Not landing Spindler would require offensive line coach Jeff Quinn to extend more scholarship offers. There are not many options beyond Spindler after the Irish missed on a handful of key offensive line targets. Tristan Bounds (Michigan), Landon Tengwall (Penn State), Caleb Johnson (Auburn), Wyatt Milum (West Virginia) and Matthew Wykoff (Texas A&M) were among those who committed elsewhere.
Avon (Ind.) High’s Blake Fisher, Chicago Marist’s Pat Coogan and Fridley (Minn.) Totino-Grace’s Joe Alt are the offensive linemen committed to Notre Dame’s 2021 class.
“Any time that Notre Dame can win a Midwest battle over a school like Michigan, that’s significant. But I do feel like this would be a big win for coach Quinn,” said Trieu on what Spindler’s pledge would mean for Notre Dame. “(Michigan offensive line coach) Ed Warinner has been recruiting Rocco very hard.
“I do think that if Rocco picks Notre Dame, Jeff Quinn will have had a huge hand in that. This wouldn’t just be a kid who chose Notre Dame for all the other reasons a kid chooses Notre Dame. He has a really good relationship with coach Quinn.
“I think that would be really important for him as he’s still establishing himself as a recruiter at Notre Dame.”
Notre Dame hosted Spindler for its home game against Stanford on Sept. 29, 2018. He accrued his Irish offer the following week. Spindler returned for Notre Dame’s Oct. 12 home game against USC last season. His two trips to Notre Dame in the spring and planned May 15 commitment date were nixed by the coronavirus pandemic.
Head coach Brian Kelly, offensive coordinator Tommy Rees, Quinn and other members of Notre Dame’s coaching staff were heavily involved in Spindler’s recruitment. Former Irish offensive guard and current Indianapolis Colts star Quenton Nelson also has communicated with Spindler.
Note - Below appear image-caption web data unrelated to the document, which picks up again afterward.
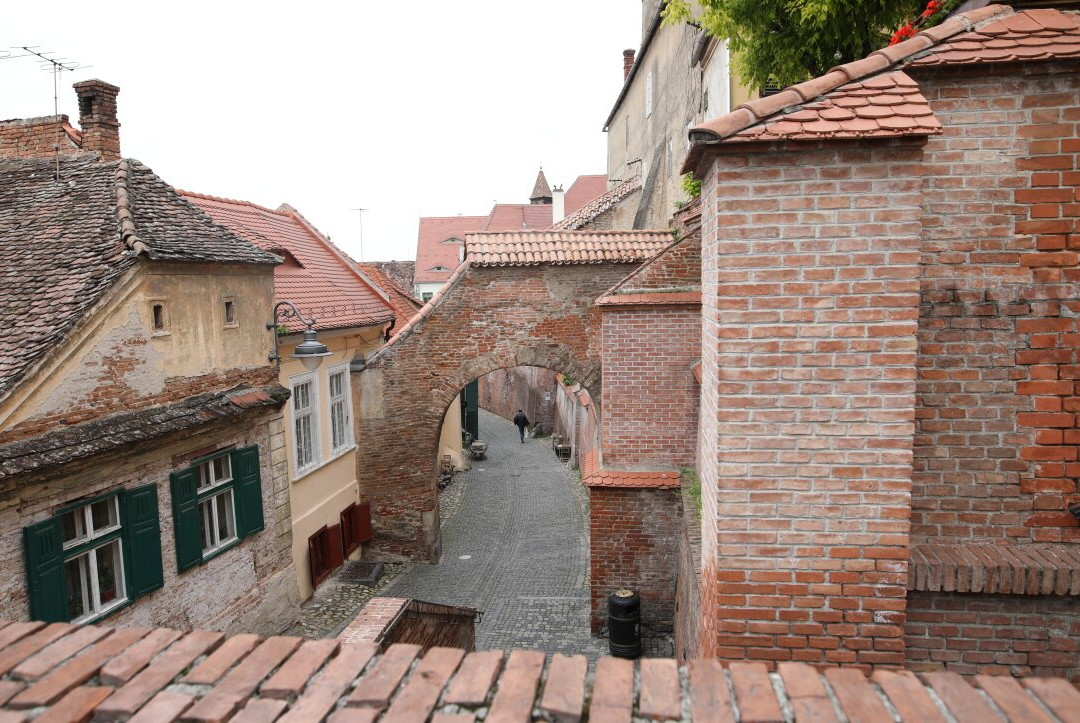 Passage of Stairs-锡比乌必去景点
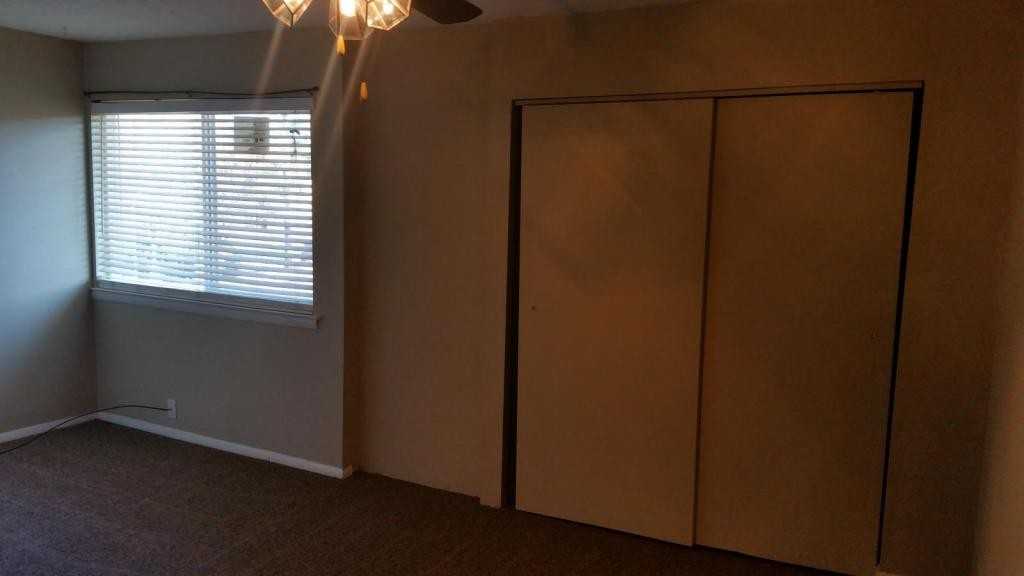 46 Sandalwood Circle - Photo 4 of 9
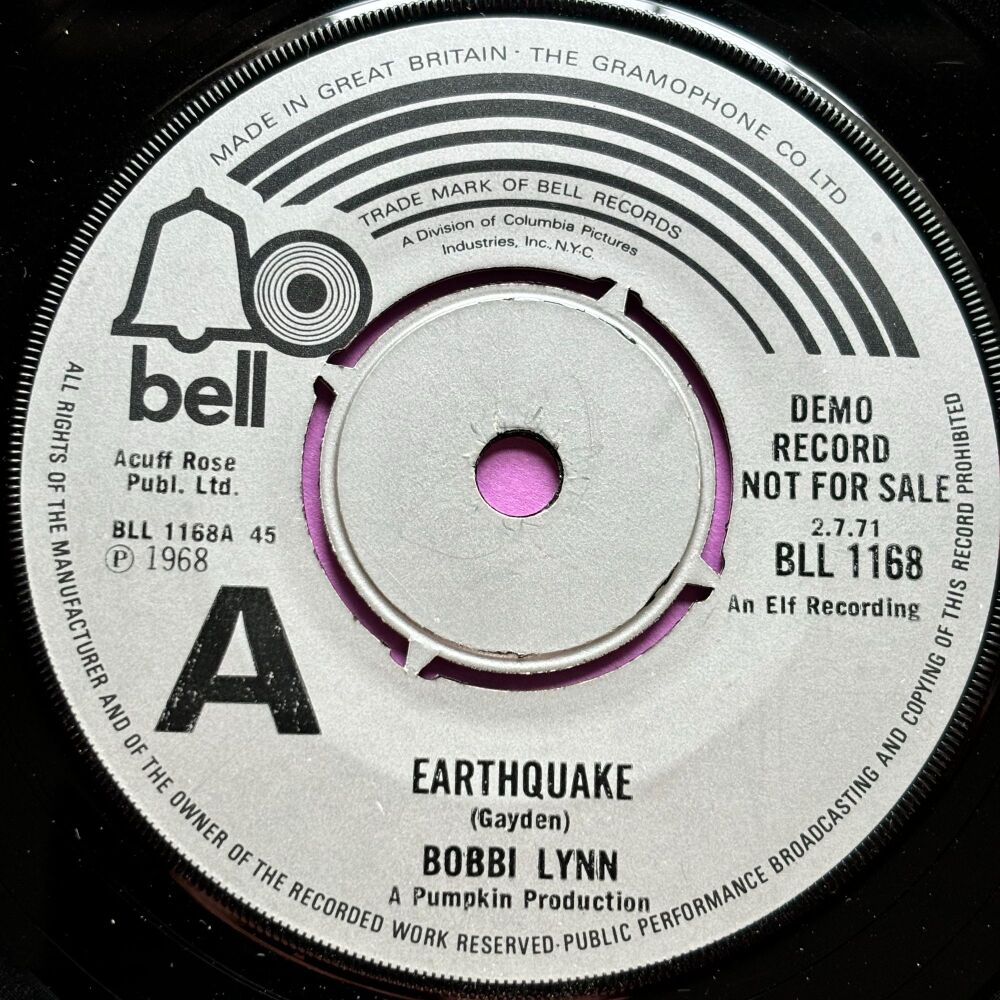 Bobbi Lynn-Earthquake-UK Bell E+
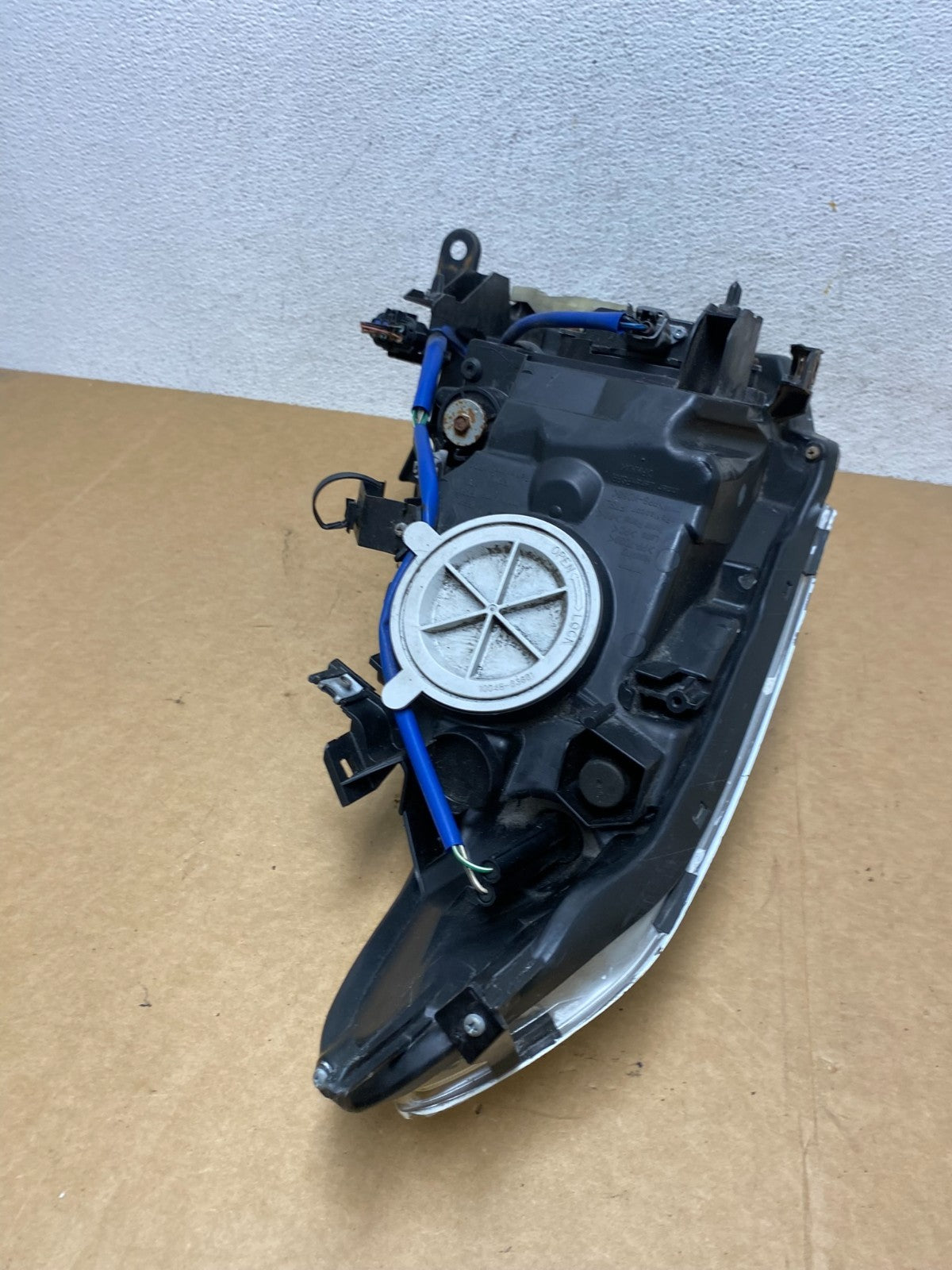 Sedan 4Door 2010 to 2013 Infiniti G37 Left Driver Headlight Xenon AE2943 DW9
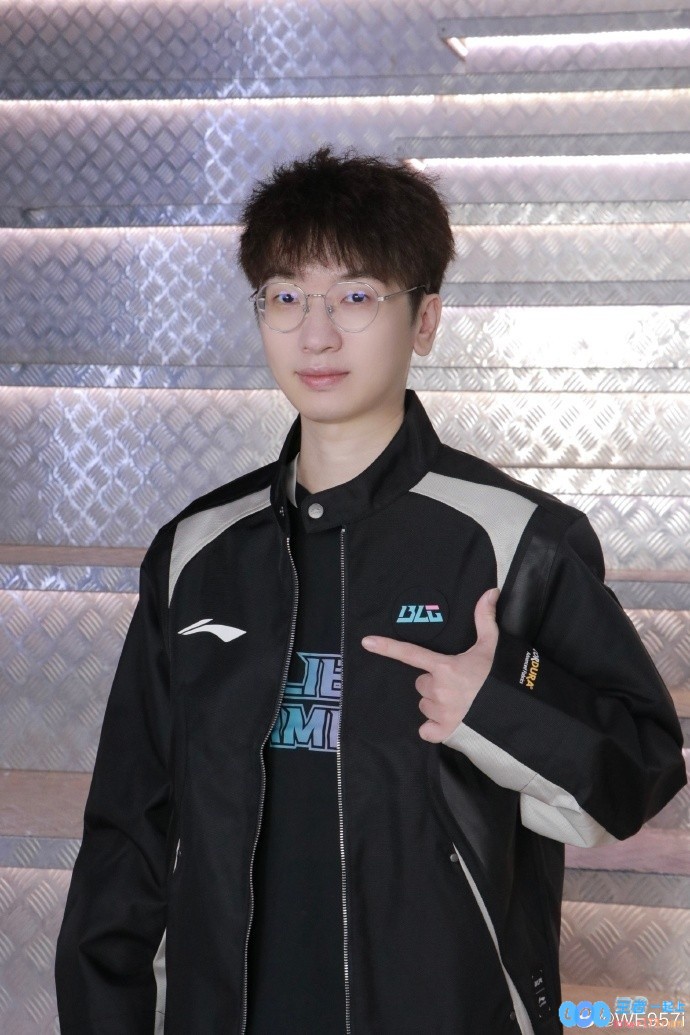 957晒BLGAL队服照：穿上MSI出征服出发加拿大去给AL和BLG加油了
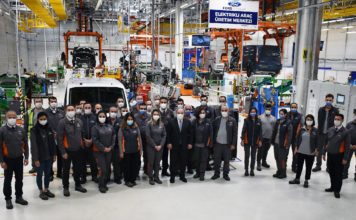 Sanayi ve Teknoloji Bakanı Varank, Ford Otosan’ın Kocaeli’deki yeni yatırım çalışmalarını yerinde inceledi ve elektrikli araç yatırımlarını çalışanlardan dinledi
Their efforts appeared to pay off. In April 2019, Trieu forecasted Michigan to eventually secure Spindler’s pledge. He said he’s close to changing that prediction.
“If I had to make a new pick right now,” Trieu said, “I would probably put Notre Dame in. I did not want to switch my pick until I felt really confident. I don’t want to jump to Notre Dame, and then I hear late that it’s Michigan and I switch back. I hate jumping back and forth like that.
“I’ve held off on making that switch, but I do think things are trending toward Notre Dame here. I think that’s why you have some of the newer picks coming in for Notre Dame.”
Should Spindler choose Notre Dame, he will enroll a semester early in January. Then his father will hope he surpasses his achievements.
“He’s better prepared in the sense that physically and maturity wise,” Marc said. “He’s bigger. He’s stronger. I don’t know if he’s necessarily quicker, but he’s faster and has good feet.
“I can’t imagine where he’s going to be in six more months.”